Enter Dr. Jon Koomey, the lead author of an article in the Institute of Electrical and Electronics Engineers’ Annals of the History of Computing. Koomey and his colleagues describe a long-term trend similar to that law first put forth by Gordon Moore in 1965. In view of increasing energy efficiency in computing hardware, Koomey concludes, “a fixed computing load, the amount of battery you need will fall by a factor of two every year and a half.” For the past four decades, the data presented shows a steep relation between the passage of time and the amount of computations per kilowatt-hour.
The discovery itself doesn’t change the technology, but it names and identifies a trend that was central to the development of the market. As processors improve and tech vendors offer more mid-powered models tailored to the needs of consumers, the defining axiom for the digital marketplace is going to be Koomey’s Law. Moore’s axiom is alive and well, but its relevance to everyday consumers is set to decrease. Today’s computing landscape shows a hastening shift towards mobile devices and a shrinking space for consumer desktop computing. With each new processor release, mainstream vendors and consumers will place increasing value in processor energy efficiency and eschew discussions of gigahertz and gigaflops.
The trend has already begun. Small, efficient, system-on-a-chip platforms from Samsung, ARM and Qualcomm have stormed to the forefront of the marketplace. The question of which original equipment manufacturer will supply the components for the iPhone 5/iPad 3 has held the attention of industry speculation for the last six months. Moore’s Intel still maintains a dominant grip on the traditional market, churning out energy-efficient notebook/desktop CPUs and earning it the nickname “Chipzilla,” but its attempts to penetrate into mobile space have been unimpressive. The recent obsolescence of Moore’s Law might just prove to be an appropriate prediction for the fate of Moore’s other great accomplishment within the next decade.

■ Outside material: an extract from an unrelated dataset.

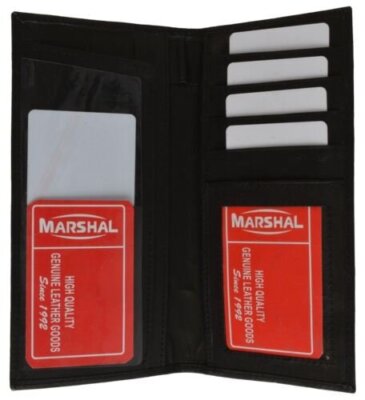 Genuine Leather Checkbook Cover Wallet Organizer with Credit Card Holder Marshal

But time will tell. The cloud still needs servers, and servers still need big, hungry, powerful processors. Moore’s Law might lose some of its charm but it will lose none of its truth for the foreseeable future. For now, Koomey’s Law is the golden child of computing progress, offering vital and consistent growth in energy efficiency. As both laws hold true, and our devices grow faster and more efficient, we can expect a third function to continue its meteoric growth: the inevitable and increasing omnipresence of these devices in our everyday lives.